Crafting the Perfect Data Science Evaluation Metric for your Business Case

Published in

AI Science

5 min readJun 17, 2023

Image credits: https://unsplash.com/photos/f-wBCMj4pNM.

To ensure the success of your data science initiatives, it is imperative to bridge the gap between your machine learning model evaluation metric and the business objective from the get-go. This article demonstrates through an example, the impact of machine learning model evaluation, and how it can facilitate stakeholder buy-in.

Consider a scenario, the data science objective is to build a classifier that can accurately predict component failures in a business setting. The target variable is binary, with a value of 1 indicating component failures and 0 indicating working components.

Start by identifying the key stakeholders that are most likely to be impacted by the outcomes of the model that you are trying to build. Work collaboratively to understand their risk potentials for different types of misclassification errors. Use this information to construct an evaluation metric balancing the trade-off between misclassification errors while aligning with the organisation’s overall business goals.

In the given scenario, there can be different types of cost implications depending on the model predictions. Let’s assume the associated costs are $40,000 for replacing a faulty component, $15,000 for repairing a faulty component, and $5,000 for performing a component inspection.

The total associated maintenance cost based on ‘your’ model predictions can be expressed as:

Total Maintenance Cost based on 'your' Model Prediction =

(Failures correctly predicted by your model)*$15,000 +
(Real failures that are not detected by your model)*$40,000 +
(Failures predicted by your model that are not real failures)*$5,000

Let’s suppose there exists a perfect classifier that is capable of predicting all real failures perfectly.

Minimum Cost associated with a Perfect Classifier = 
 
 (All real failures)*$15,000 = 

 (Failures correctly predicted by your model + 
  Real failures that are not detected by your model)*$15,000

One valid evaluation metric for the business use case can then be expressed as below. The ratio can range from 0 to 1, and our goal will be to maximise the evaluation metric as we select the optimal classifier.

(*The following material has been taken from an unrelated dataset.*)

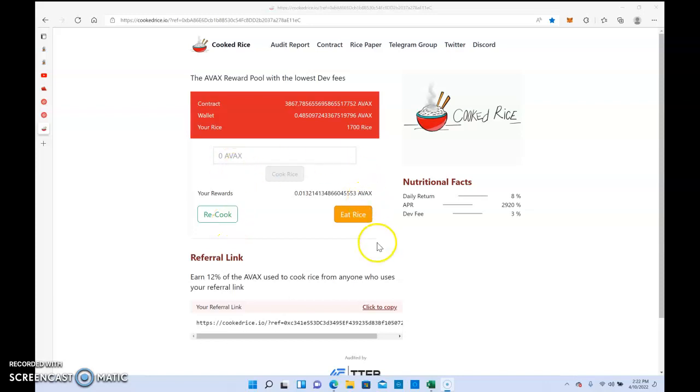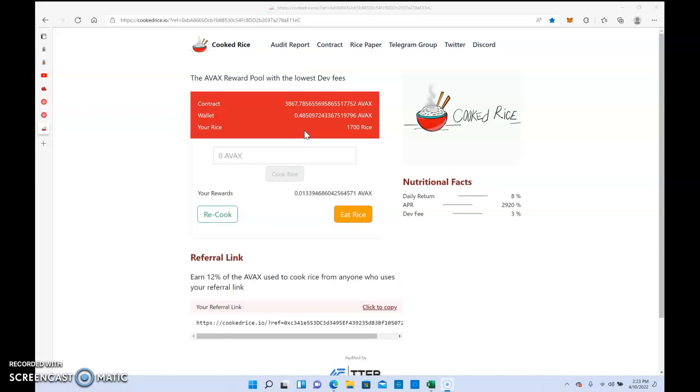Stock Crypto Credit Moves, good evening YouTube. Back for another video on Cook Rice, just a quick update. I'm up to 1,700 rice and we're at 3,867 AVAX contracts now. Out of the three miner platforms that I'm in, this one is growing the least amount, but it's still growing at a healthy rate.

Evaluation Metric for the Business Case:

 Minimum Cost associated with a Perfect Classifier ÷
 Total Maintenance Cost based on 'your' Model Prediction

Objective: maximise(evaluation metric)

The code for crafting this evaluation metric is given below:

from sklearn.metrics import confusion_matrix

def minimum_vs_model_cost(y_train, y_pred):    

    # y_train is the target value for the training set
    # y_pred is the predicted target value for the training set

    true_positives    = confusion_matrix(y_train, y_pred)[1, 1]
    false_positive    = confusion_matrix(y_train, y_pred)[0, 1]
    false_negatives   = confusion_matrix(y_train, y_pred)[1, 0]
 
    minimum_cost      = (true_positives + false_negatives)*15000
    model_cost        = (true_positives*15000  +
                         false_negatives*40000 +
                         false_positives*5000)

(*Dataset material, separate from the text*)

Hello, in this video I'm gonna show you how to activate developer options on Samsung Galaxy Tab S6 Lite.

    evaluation_metric = minimum_cost/model_cost
    
    return evaluation_metric

from sklearn import metrics
scorer = metrics.make_scorer(minimum_vs_model_cost, greater_is_better=True)

The code above is self-explanatory if you are familiar with the definition of a confusion matrix. A confusion matrix is a two dimensional table which compares the real target labels and the predicted target labels, summarising the performance of a classifier.

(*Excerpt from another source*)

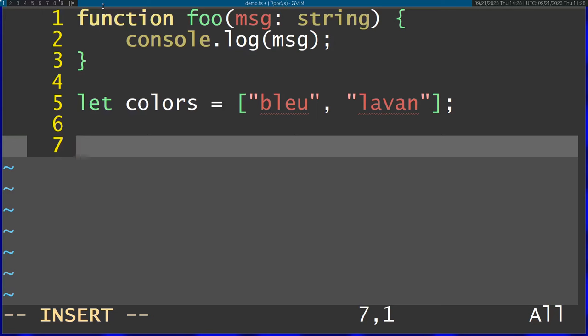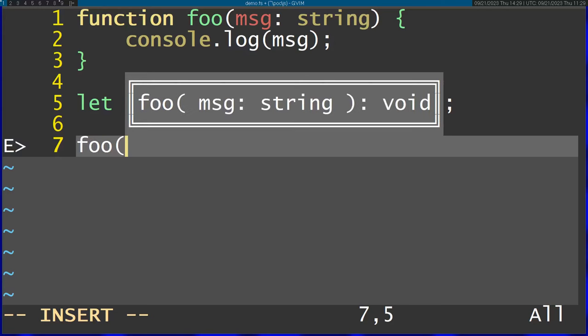But I'm going to show you here a couple of things that a language server adds. So first of all, if I go ahead and start typing the function foo, and then I start opening up the brackets, you can see that it's going to show the parameters, the types, and the return of this function. So this is really useful to actually understand what you're calling.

Image Source: Confusion Matrix generated by the author.

Here,

Failures correctly predicted by model = True Positives
Real failures that are not detected by model = False Negative
Failures predicted by model that are not real failures = False Positives
All real failures = (True Positives + False Negatives)

The following box-plot illustrates the performance of various baseline classifiers using the 5-fold Stratified Cross Validation on the training set for the custom evaluation metric “minimum_vs_model_cost”. The baseline classifiers considered in the scenario are Logistic Regression, Decision Tree, Random Forest, Bagging, Adaptive Boosting, Gradient Boosting and Extreme Gradient Boosting Classifiers.

Image Source: Generated by the author. Box-plot distribution of the 5-fold cross validation performance on the training set for the custom evaluation metric “minimum_vs_model_cost” for different classifiers.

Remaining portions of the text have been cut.